I’d been fascinated by the tin toy robots from Japan and the Far East that flooded the U.K toy market in the 60’s but would never have made the association with Japan at all – this awareness came much later.

Both my parents worked at Heathrow Airport and would often return home from work with various items like calendars or promotional items , like accurate model aircraft often seen in travel agents – calendars in particular linger in memory since each month would show a different world location evoking a yearning to visit far off places and functioning as a perfect advertisement for an airline.

Standing close enough that they filled my field of view I would imagine melting into the photographic images and being propelled in amongst a throng of rickshaws in a humid and fragrant Hong Kong or onto a bridge in Japan surrounded by Geishas, billowing clouds of cherry blossoms, and a majestic view of Mount Fuji set against saturated blue skies.

“At some point in the mid-70’s, my father started to travel overseas in his work as a director of an airfreight company – this travel took him to India but also to the U.S and the Far East.”

On one particular trip he returned with a gift for my mother – a box containing a bottle of Shiseido “Zen” perfume – and a tourist guide of Tokyo.

These two items held a special significance for me – long after the tiny perfume bottle had been emptied, the distinctive aroma of the perfume lingered on – I would unscrew the stopper and sniff it with my eyes shut and imagine myself transported to a Japanese tea house as Geishas hovered nearby wafting their seductive scent around me – the unique design of the bottle and the case it came in were also evocative, suggesting both the sensual mystery of the Geisha and the floral designs of her elaborate costume, in a way that perfectly complimented the heady aroma of “Zen”.

The tourist guide book was another source of endless fascination as I pored over every detail everything that Tokyo had to offer – it was a total contrast to the drab U.K of the 1970’s – a riot of neon and vivid colour, the ancient past colliding with the far future.

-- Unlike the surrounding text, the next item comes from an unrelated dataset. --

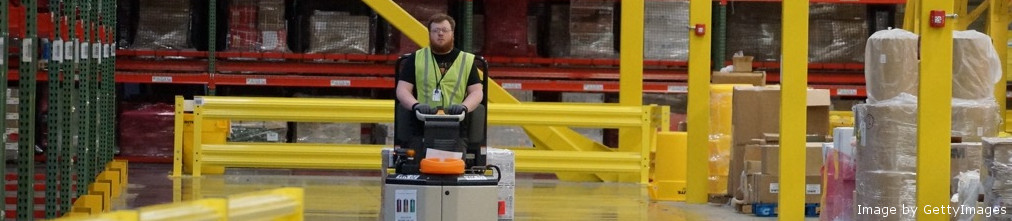 Amazon employee driving forklift in fulfilment center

It wasn’t until the mid-1980’s that I was able to fulfill that yearning to visit Japan that had been awakened by a bottle of Shiseido “Zen” perfume.

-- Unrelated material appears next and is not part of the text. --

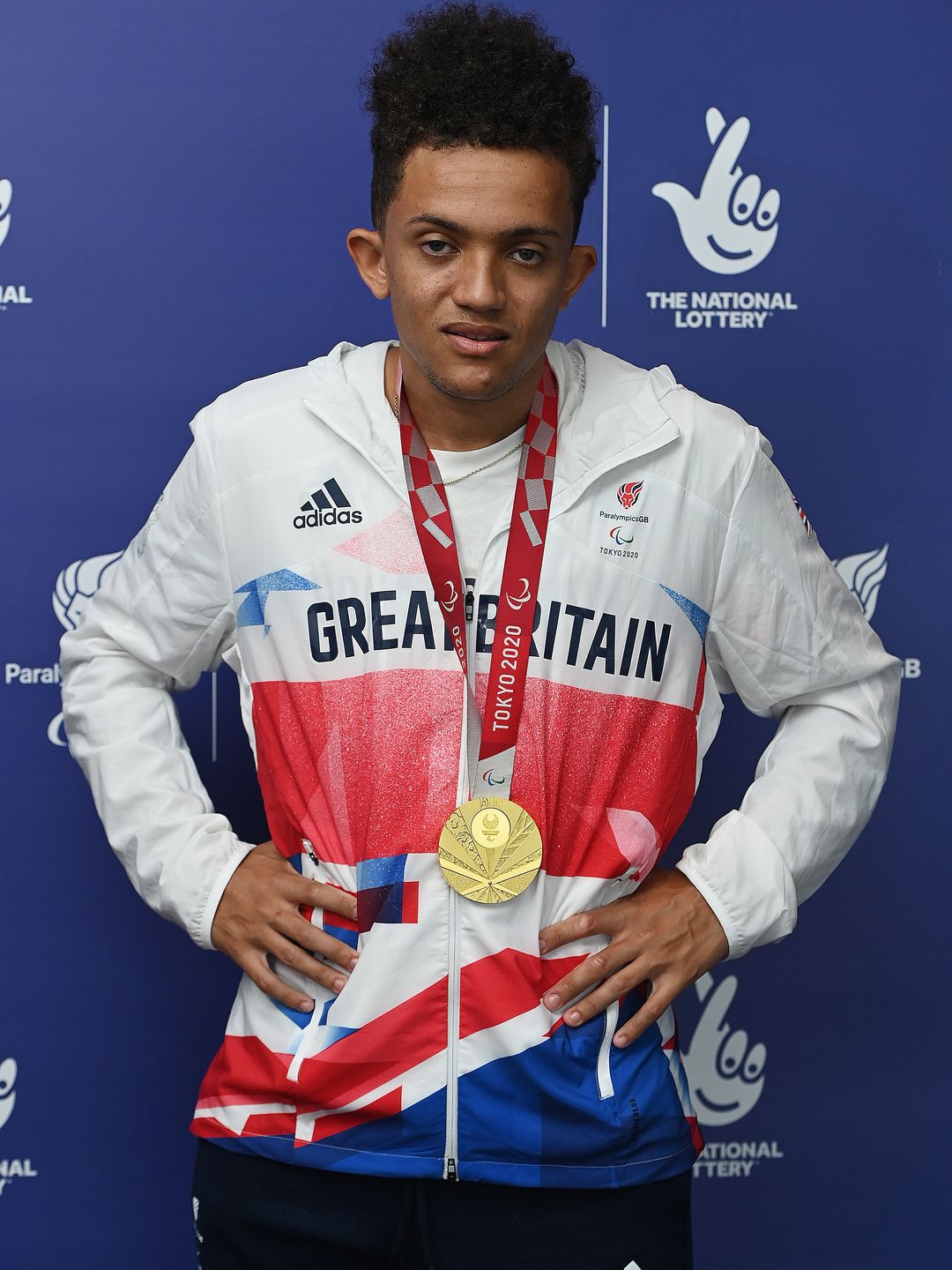 Thomas Young in Team GB kit with a gold medal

Throughout the late 60’s and into the 70’s there was also frequent TV coverage of events like the Japanese Winter Olympics and various annual “Expos”, all of which helped fuel that interest further.

The eventual tipping point came about after buying an edition of “Omni” magazine in 1985 featuring the Tsukuba Science Expo and since I finally had some funds to finance a trip to Japan – admittedly with a lot of additional help from my parents – I wasted no time in booking a trip.

I had totally forgotten about the bottle of “Zen” perfume until I watched a series of Yasujiro Ozu’s films during the current lockdown and they stirred a memory from the years of accumulated mental silt and suddenly I don’t have to think very hard for the distinctive Shiseido “Zen” scent to come wafting back and to trigger a tumult of memories and sensations, some real and some imagined.